Prolabe olan bezin yerine yerleştirilmesi amacına yönelik bezin ankorajı veya oluşturulan cep içine yerleştirilmesi gibi iki genel teknik bildirilmiştir. Blogg 27’un orijinal ankoraj tekniği ve bu tekniğin Gross 28 tarafından modifikasyonu, Kaswan ve Martin 29’in orbital kenar ankoraj tekniği ve aynı tekniğin Stanley ve Kaswan 30 tarafından modifikasyonu, Twitchell tekniği 31, Moor 32’un imbrikasyon tekniği ve Morgan 1’ın cep yöntemi gibi birçok operatif yöntem geliştirilmiştir.
Yapılan çalışmada karşılaşılan vakaların tümü Morgan cep yöntemi uygulanarak sağaltılmıştır. Bu amaçla prolabe bezin alt ve üstüne 15 numara bistüri ucu ile iki paralel ensizyon oluşturuldu. İlk ve son düğümlerin konjuktival yüzeyde kalmasına dikkat edilerek oluşturulan ensizyon hatları 5/0 vicryl kullanılarak sürekli dikişlerle kapatılarak prolabe bez yerine yerleştirildi.
Araştırmacılar 8,23 gözyaşı filminin göz küresi, korneal yüzey ve göz kapağı konjonktival dokularının bakım ve bütünlüğüne yardımcı olduğunu bu nedenle bezin total ekstripasyonunun köpeklerde iyatrojenik keratokonjonktivit sika'nın bildirilen nedenlerinden biri olduğunu ifade etmişlerdir. Yapılan çeşitli çalışmalarda üçüncü göz kapağı bezinin cerrahi olarak çıkarılmasının Schirmer gözyaşı test değerlerinin %29-57 oranında azalmasına neden olduğunu göstermiştir. Bezin çıkarılmasının, köpeklerde KKS'nin gelişme olasılığını % 42.8 arttırmakta ve KKS'ya duyarlı olan birçok ırkta daha da ciddi olmaktadır 20.

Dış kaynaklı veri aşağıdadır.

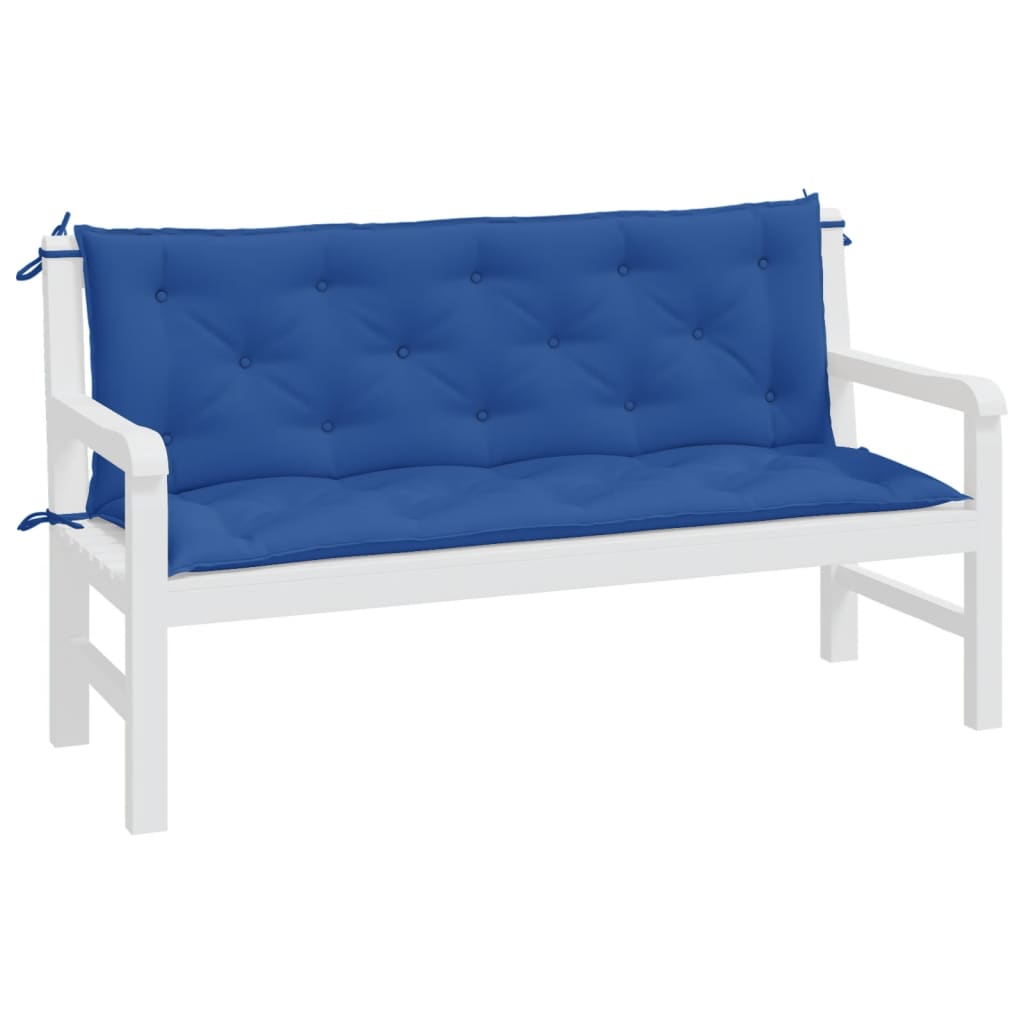 Almofadões banco jardim 2 pcs 150x50x7cm tecido oxford azul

Kiraz göz şikayeti ile getirilen vakaların, yapılan klinik muayenelerinde 5 vakada KKS, 4 vakada gözyaşı kalite ve miktarında azalma, 2 vakada entropion ve 2 vakada da ektropion gibi ek göz sorunlarıyla da karşılaşıldı. Gözyaşı fonksiyonunun değerlendirilmesi Schirmer test I kullanılarak yapıldı. Dört köpekte gözyaşı miktarının ortalam 7 mm/dakika (6-8 mm/dk) olduğu görüldü. Beş vakada ise göz yaşı miktarında azalma ile birlikte (0-5 mm/dk) mukopurulent KKS, korneal yangı, ülserasyon ve pigmentasyonda durumları da tespit edildi. Vakaların postoperatif yapılan kontrollerinde ise gözyaşı miktarının normal sınırlarda (14-24 mm/dk) olduğu görüldü.

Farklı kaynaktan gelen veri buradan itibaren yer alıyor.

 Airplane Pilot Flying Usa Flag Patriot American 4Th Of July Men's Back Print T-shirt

Bu nedenle, bezin Morgan cep tekniği ile cerrahi olarak yeniden konumlandırılması tercih edilmektedir 11. Kelawala ve ark. 21 bezin cerrahi olarak yeniden konumlandırılmasının kolay ve daha az komplikasyon ile daha büyük bir başarı oranına sahip olduğunu bildirmişlerdir. Ayrıca üçüncü göz kapağı bezinin kanallarını etkilemediğini vurgulamışlardır. Bu nedenle başarı oranı ve müşteri memnuniyeti dikkate alındığında, köpeklerde ÜGBP yeniden konumlandırılması için bu tekniği önermişlerdir.
Yapılan bu çalışmada olguların sadece birinde postoperatif onuncu günde yapılan kontrollerde olgunun nüks ettiği görüldü. Hayvan sahibinin koruyucu amaçla uygulanan Elizabeth yakalığını operasyondan 3 gün sonra, çıkartması neticesinde hayvanın kendisine zarar vermesi sonucunda oluştuğu tespit edildi. Bunun dışında her hangi bir komplikasyonla karşılaşılmadı.
Sonuç olarak; bazı köpek ırklarında sık karşılaşılan ÜGBP vakalarının sağaltımında Morgan cep yönteminin uygulamasının kolay ve etkili olduğu kanısına varılmıştır.